En France, ces déplacements ont fait l’objet de plusieurs recherches qualitatives à travers différentes monographies qui se sont particulièrement concentrées sur l’analyse d’un cas particulier : les flux en train des personnes qui travaillent à Paris alors qu’elles résident dans d’autres villes comme Rouen (Meissonnier, 2001), Le Mans (Lanéelle, 2006) ou Tours (Beauvais et al., 2007). L’objectif de cette fiche est de proposer un complément à ces études en proposant une analyse quantitative et spatiale des personnes qui viennent travailler dans l’agglomération parisienne alors qu’elles résident dans une ville de la mégarégion parisienne. Il s’agit de proposer une analyse du profil sociodémographique de ces actifs au regard de leurs caractéristiques individuelles, de leurs localisations résidentielles et d’emploi ainsi que des modes de transport utilisés.

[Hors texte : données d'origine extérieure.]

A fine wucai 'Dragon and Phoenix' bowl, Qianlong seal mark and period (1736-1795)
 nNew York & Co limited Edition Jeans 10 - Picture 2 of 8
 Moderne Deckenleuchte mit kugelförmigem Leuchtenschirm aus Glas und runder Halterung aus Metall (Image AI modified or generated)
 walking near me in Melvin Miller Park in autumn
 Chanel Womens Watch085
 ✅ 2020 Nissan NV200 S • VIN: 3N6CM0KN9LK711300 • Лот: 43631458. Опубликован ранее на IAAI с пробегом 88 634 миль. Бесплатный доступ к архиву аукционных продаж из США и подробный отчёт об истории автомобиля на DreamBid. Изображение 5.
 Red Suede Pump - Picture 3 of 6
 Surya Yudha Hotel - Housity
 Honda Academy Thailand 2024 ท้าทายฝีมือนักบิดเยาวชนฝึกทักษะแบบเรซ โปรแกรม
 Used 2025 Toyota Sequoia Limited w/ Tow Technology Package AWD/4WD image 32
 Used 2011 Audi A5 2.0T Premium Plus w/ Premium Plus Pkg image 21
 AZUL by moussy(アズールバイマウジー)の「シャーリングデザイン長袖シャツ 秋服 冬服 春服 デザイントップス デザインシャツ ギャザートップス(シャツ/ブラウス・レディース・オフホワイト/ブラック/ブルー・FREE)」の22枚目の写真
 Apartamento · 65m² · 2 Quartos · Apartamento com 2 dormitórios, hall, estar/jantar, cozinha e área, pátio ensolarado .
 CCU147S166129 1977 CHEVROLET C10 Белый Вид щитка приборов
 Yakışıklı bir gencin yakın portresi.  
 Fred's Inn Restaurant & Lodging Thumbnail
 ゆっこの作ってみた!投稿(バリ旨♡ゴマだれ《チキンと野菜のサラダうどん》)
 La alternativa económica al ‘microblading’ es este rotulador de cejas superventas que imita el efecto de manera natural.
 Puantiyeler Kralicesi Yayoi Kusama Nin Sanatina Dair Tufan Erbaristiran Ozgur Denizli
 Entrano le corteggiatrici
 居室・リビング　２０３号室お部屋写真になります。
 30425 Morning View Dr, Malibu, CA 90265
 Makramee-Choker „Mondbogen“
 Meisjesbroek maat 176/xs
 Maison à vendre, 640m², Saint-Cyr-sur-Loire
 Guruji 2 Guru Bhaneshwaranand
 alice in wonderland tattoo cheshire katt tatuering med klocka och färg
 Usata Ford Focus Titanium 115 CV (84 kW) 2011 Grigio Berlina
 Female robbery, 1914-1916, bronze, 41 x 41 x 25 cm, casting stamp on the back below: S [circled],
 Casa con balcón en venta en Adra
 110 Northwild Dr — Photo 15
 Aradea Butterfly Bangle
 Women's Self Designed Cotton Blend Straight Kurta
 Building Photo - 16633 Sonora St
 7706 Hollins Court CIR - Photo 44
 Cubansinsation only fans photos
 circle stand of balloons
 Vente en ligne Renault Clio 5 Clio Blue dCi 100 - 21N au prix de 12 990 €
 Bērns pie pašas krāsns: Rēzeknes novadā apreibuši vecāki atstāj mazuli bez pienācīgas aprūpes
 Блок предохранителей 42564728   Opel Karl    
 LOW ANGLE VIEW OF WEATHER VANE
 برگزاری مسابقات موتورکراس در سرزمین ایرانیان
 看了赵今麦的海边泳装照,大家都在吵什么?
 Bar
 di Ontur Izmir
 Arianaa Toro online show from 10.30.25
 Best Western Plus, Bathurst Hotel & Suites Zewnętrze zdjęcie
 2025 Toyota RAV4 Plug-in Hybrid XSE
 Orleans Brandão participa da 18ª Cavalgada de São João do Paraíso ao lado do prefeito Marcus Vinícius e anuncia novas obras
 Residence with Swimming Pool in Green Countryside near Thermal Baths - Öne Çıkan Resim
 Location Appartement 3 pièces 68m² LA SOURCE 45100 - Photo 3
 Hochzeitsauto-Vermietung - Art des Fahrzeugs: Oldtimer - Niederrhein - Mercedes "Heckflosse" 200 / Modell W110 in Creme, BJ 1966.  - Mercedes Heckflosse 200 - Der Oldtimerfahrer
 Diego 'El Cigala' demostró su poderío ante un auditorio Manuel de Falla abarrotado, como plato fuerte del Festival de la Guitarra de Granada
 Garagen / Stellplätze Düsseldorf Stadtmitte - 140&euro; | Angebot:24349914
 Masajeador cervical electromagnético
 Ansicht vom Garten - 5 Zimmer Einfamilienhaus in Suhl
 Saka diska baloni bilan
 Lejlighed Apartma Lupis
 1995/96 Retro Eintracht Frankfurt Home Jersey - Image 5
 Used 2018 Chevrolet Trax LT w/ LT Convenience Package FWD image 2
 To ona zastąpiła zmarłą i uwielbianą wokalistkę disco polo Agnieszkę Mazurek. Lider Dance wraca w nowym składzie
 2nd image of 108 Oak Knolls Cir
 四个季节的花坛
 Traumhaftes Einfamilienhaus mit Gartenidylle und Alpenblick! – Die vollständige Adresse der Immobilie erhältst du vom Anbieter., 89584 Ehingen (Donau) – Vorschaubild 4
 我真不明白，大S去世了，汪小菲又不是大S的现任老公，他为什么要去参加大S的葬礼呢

Pour analyser les pratiques de mobilité des travailleurs interurbains de la mégarégion, les données de l’INSEE (Institut national de la statistique et des études économiques) sont mobilisées (les fichiers « Mobilités professionnelles » du recensement de 2017 et le zonage en aires urbaines de 2010). Les actifs interurbains sont définis à partir de leurs aires urbaines de résidence et de travail : les interurbains de la mégarégion parisienne sont les actifs résidant dans une aire urbaine moyenne ou grande du périmètre Polynet1 (Hall, Pain, 2006) et travaillant dans le pôle urbain de l’aire urbaine de Paris. Ces actifs interurbains seront notamment comparés aux actifs « intraurbains » : les actifs qui résident dans l’aire urbaine de Paris et travaillent dans le pôle urbain de Paris. Ces deux profils seront comparés car ils sont des marqueurs de l’attractivité du pôle urbain à deux échelles (celle de la région Île-de-France et celle du Bassin parisien). De fait, les autres actifs qui ne sont pas attirés par le pôle urbain de Paris ou qui ne résident pas dans une aire urbaine sont exclus de l’analyse (ceux qui résident dans les communes multipolarisées ainsi que tous ceux qui travaillent dans la couronne périurbaine de l’aire urbaine parisienne). Ce choix permet de concentrer l’analyse sur les liens entre des polarités importantes du Bassin parisien et de mettre de côté certains effets de bords.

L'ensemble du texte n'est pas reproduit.